The task
Would you copy exactly the lines in the data below from the one that has "Ela Sans Regular Italic font glyphpreview" through the one that has "Flavored Milk Homogenization", dropping any pictures?

Entries supplied
==================================================
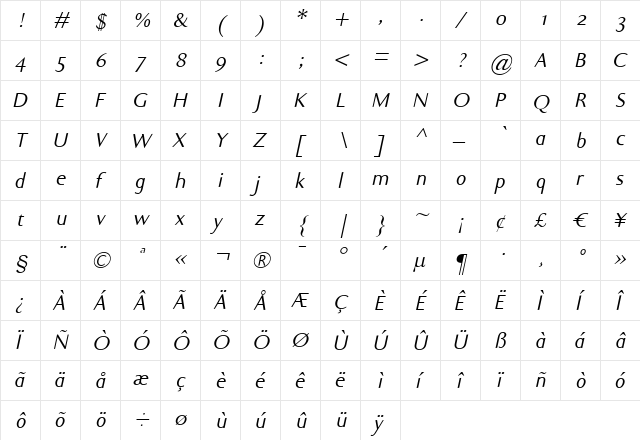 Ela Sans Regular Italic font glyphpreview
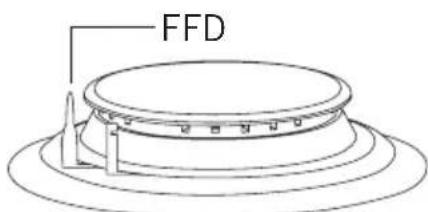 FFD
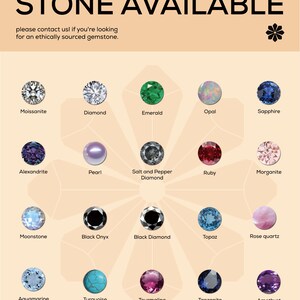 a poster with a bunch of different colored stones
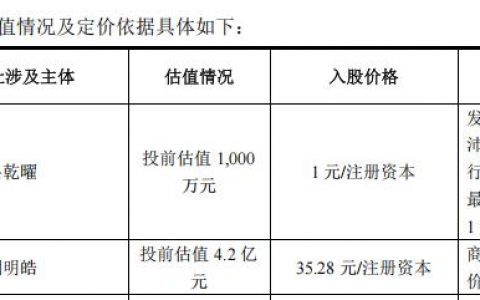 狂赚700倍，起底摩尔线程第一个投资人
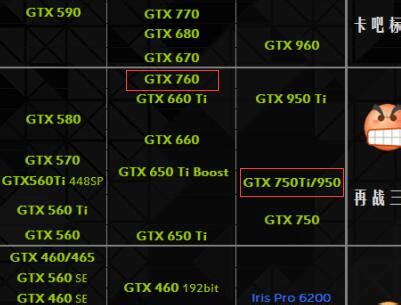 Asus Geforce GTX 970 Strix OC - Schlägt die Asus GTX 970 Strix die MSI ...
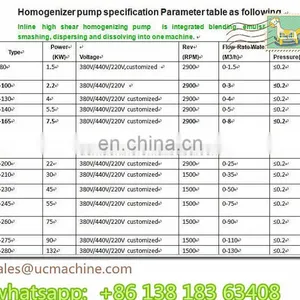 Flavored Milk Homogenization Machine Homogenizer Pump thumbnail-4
==================================================
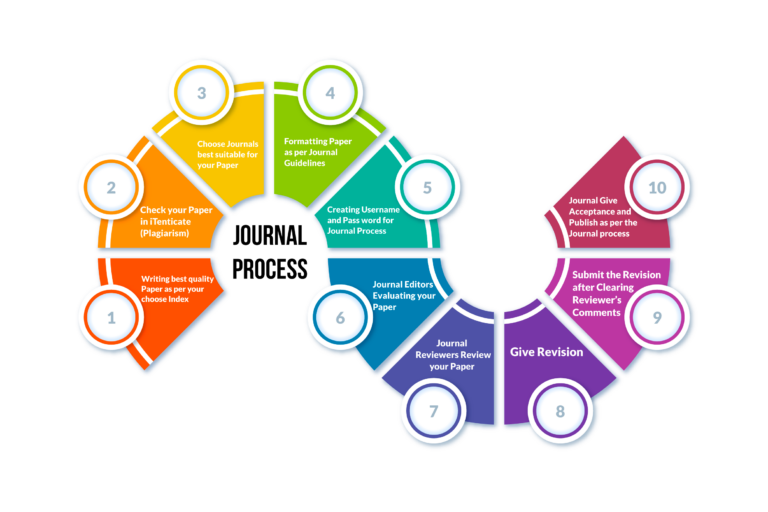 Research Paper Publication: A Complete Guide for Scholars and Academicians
==================================================
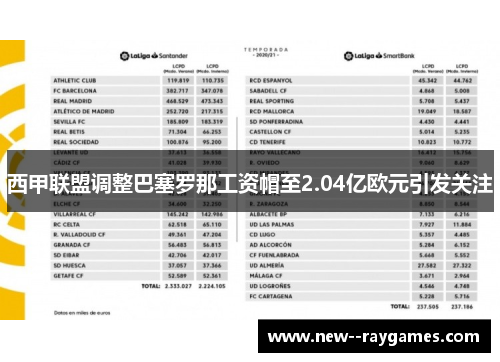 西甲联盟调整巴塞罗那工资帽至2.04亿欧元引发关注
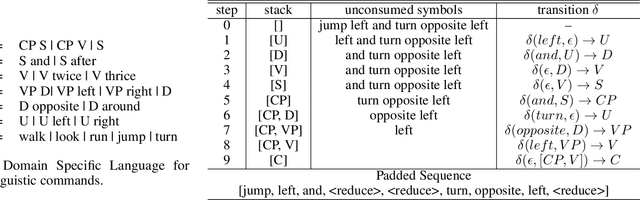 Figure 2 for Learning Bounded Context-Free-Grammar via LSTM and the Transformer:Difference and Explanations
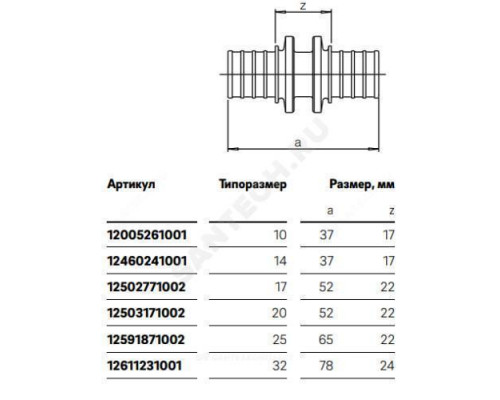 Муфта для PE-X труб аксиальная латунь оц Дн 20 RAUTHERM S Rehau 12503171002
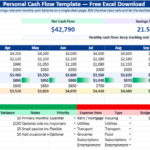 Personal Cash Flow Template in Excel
==================================================
Response box
 Ela Sans Regular Italic font glyphpreview
 FFD
 a poster with a bunch of different colored stones
 狂赚700倍，起底摩尔线程第一个投资人
 Asus Geforce GTX 970 Strix OC - Schlägt die Asus GTX 970 Strix die MSI ...
 Flavored Milk Homogenization Machine Homogenizer Pump thumbnail-4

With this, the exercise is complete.